Boat builders today are making more than just boats. They’re transferring their technology into wind blade or automotive parts. For example, I know someone in Bristol, R.I., whose company is making musical instruments with composites, and a few years ago he was building boats! Our programs work closely with the industries we support to ensure we’re meeting marketplace needs. IYRS is always on the lookout for the opportunity to build new programs, and the programs we teach translate across different industries. A composite technician from our composites program could easily work in wind repair, and an electrical student from our Marine Systems program could apply his knowledge with diesel engines and do repairs on CAT engines in a truck.

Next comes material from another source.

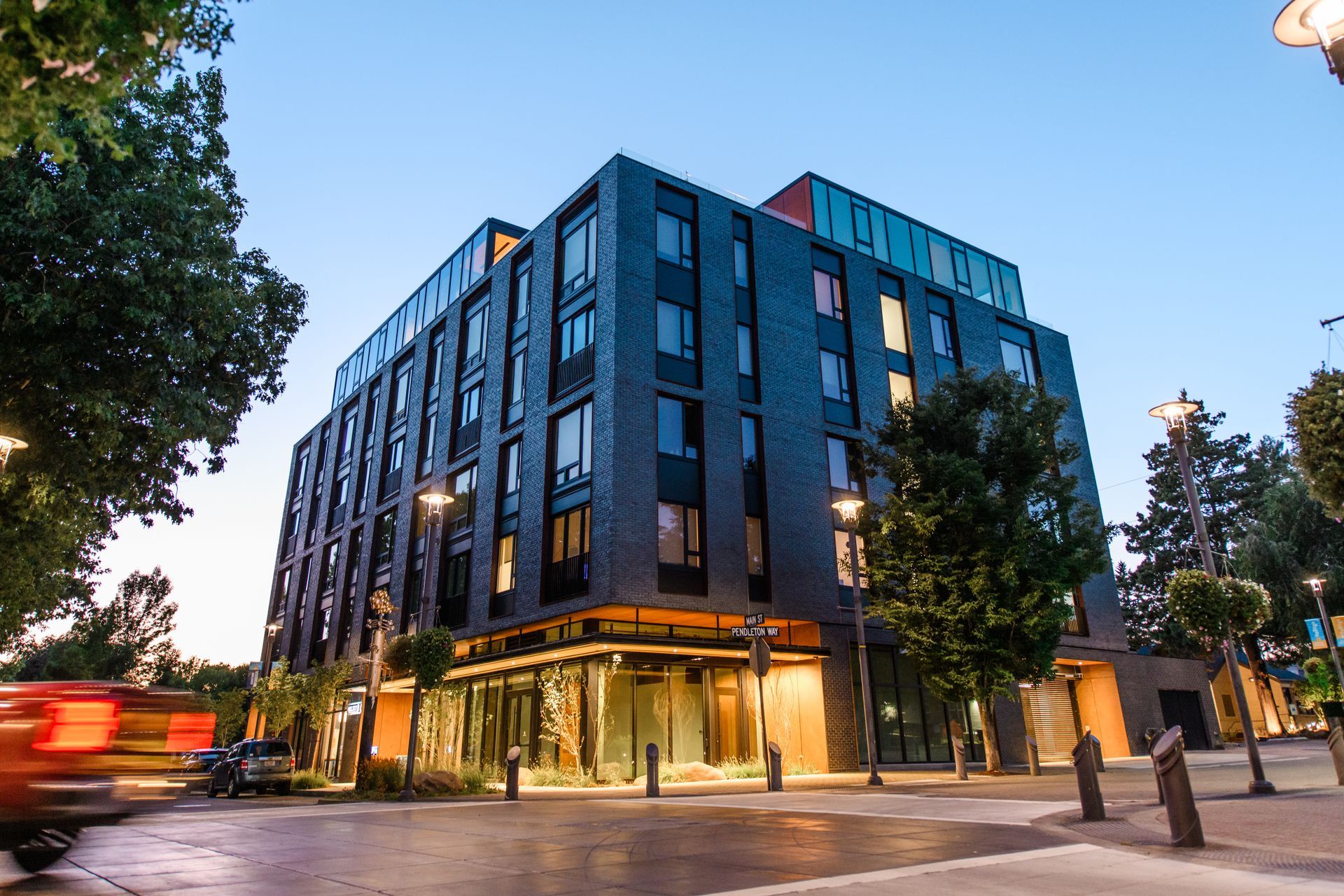 Modern multi-story building at dusk with illuminated ground-level storefronts; street lights and passing car.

IYRS is partnering with CCT to hold a three-day seminar to prepare people for the CCT exam – why did IYRS want to get involved in this?
Bob Lacovara and I wanted to provide the opportunity for technicians in the New England area to receive hands-on training with CCT certification. Bob always felt that teaching hands-on classes was the next phase for the program; it was something he always wanted to do. But it’s difficult to make something like that happen. You need to have the right facility and materials to safely provide training to a large group of people, which is exactly what IYRS will provide for the course.
The seminar is basically expanding on the information provided by the CCT training program and adding an experiential platform for students to see the whole process. Our hope is to make this seminar an annual event at IYRS for composite technicians, and interested technicians, to experience composite manufacturing.
What’s the value of the CCT program?
CCT curriculum already offers valuable information for technicians, and I believe the value of the program will only increase over time. We based our curriculum for the Marine Systems program on certification from the American Boating and Yacht Council, which is now a recognized program in the marine industry. The more it became accepted, the more significant it was that our program was using those standards. It takes time for any certification to gain traction in the industry. Once manufacturers start investing in CCT certifications for employees, the program becomes significant for the industry. That’s what we need to look for: the broader the program becomes, the more it is used by industry, and the more significance it has for the individual technicians.